The government of Prime Minister Nuri al-Maliki refused to endorse US charges of Iranian involvement in arms smuggling to Shi'ite cleric Muqtada al-Sadr's Mahdi Army, and a plan to show off a huge collection of Iranian arms captured in and around the central city of Karbala had to be called off after it was discovered that none of the arms was of Iranian origin.

The news media's failure to report that the arms captured from Shi'ite militiamen in Karbala did not include a single Iranian weapon shielded the US military from a big blow to its anti-Iran strategy.

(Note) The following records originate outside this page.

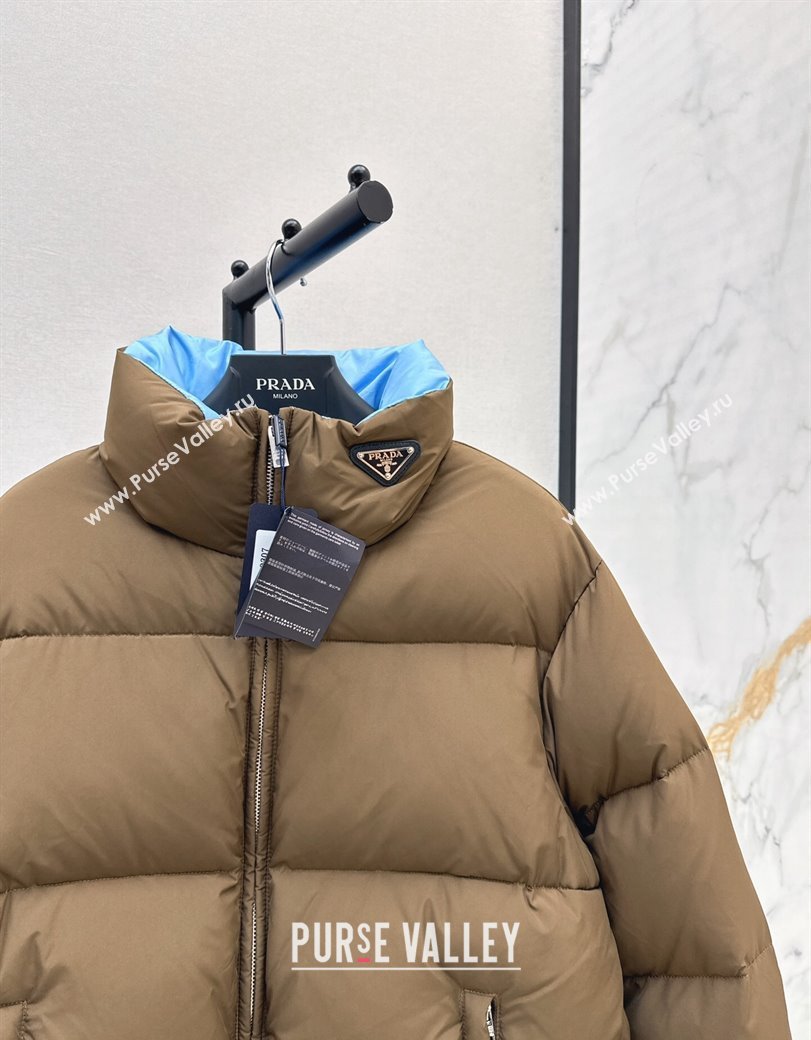 Prada Down Jacket with Logo Khaki 2024 1203 (QI-241203082)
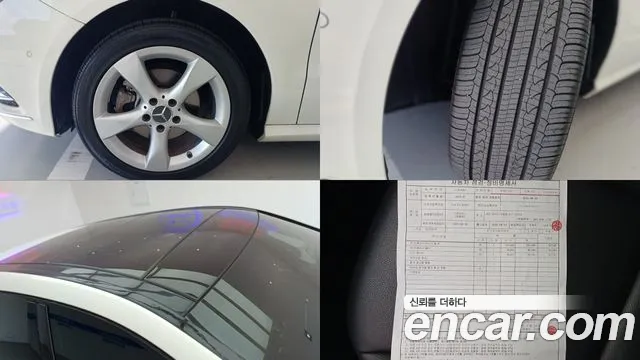 Фото машины 9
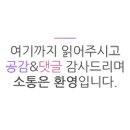 만수김밥 이미지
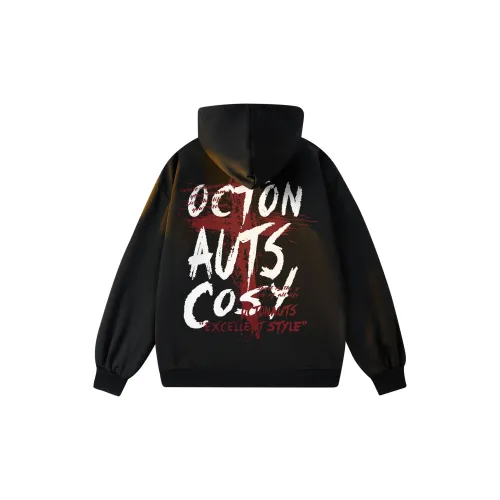 Small Columns Under The Sea Hoodie Unisex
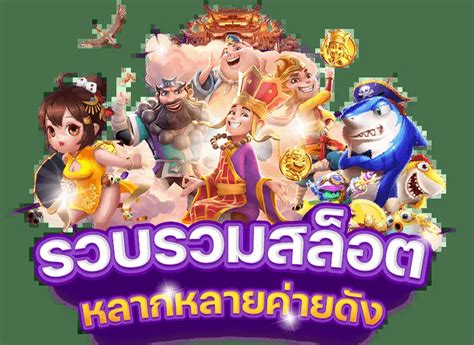 sretthi99 bet|sretthi99bet.com.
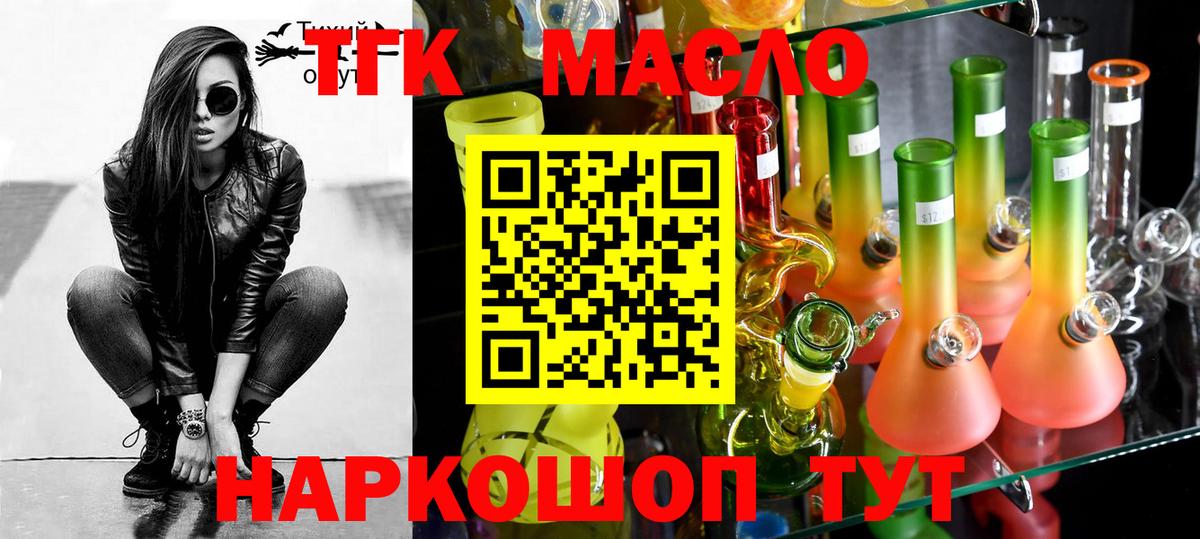 ТГК жижа Старая Купавна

The Bush administration and top Iraq commander General David Petraeus had plotted a sequence of events that would build domestic US political support for a possible strike against Iran over its "meddling" in Iraq, and especially its alleged export of arms to Shi'ite militias.

Hah, Imagine that... Gareth goes on...

US officials also planned to display to reporters Iranian weapons captured in both Basra and Karbala. That sequence of media events would fill the airwaves for several days with spectacular news framing Iran as the culprit in Iraq, aimed at breaking down US congressional and public resistance to the idea that Iranian bases supporting the meddling would have to be attacked.

But events in Iraq did not follow the script. On May 4, after an Iraqi delegation had returned from meetings in Iran, Maliki's spokesman, Ali al-Dabbagh, said in a news conference that Maliki was forming his own cabinet committee to investigate the US claims. "We want to find tangible information and not information based on speculation," he said.

Senior US military officials were clearly furious with Maliki for backtracking on the issue. "We were blindsided by this," one of them told Zavis

Tut, tut... Bad Maliki! It gets better...(or worse?)

The Iraqi commander in Karbala had announced on May 3 that he had captured a large quantity of Iranian arms in and around the city. Earlier, the US military had said that it was up to the Iraqi government to display captured Iranian weapons, and now an Iraqi commander was eager to do just that. Petraeus' staff alerted US media to a major news event in which the captured Iranian arms in Karbala would be displayed and then destroyed.

But when US munitions experts went to Karbala to see the alleged cache of Iranian weapons, they found nothing they could credibly link to Iran.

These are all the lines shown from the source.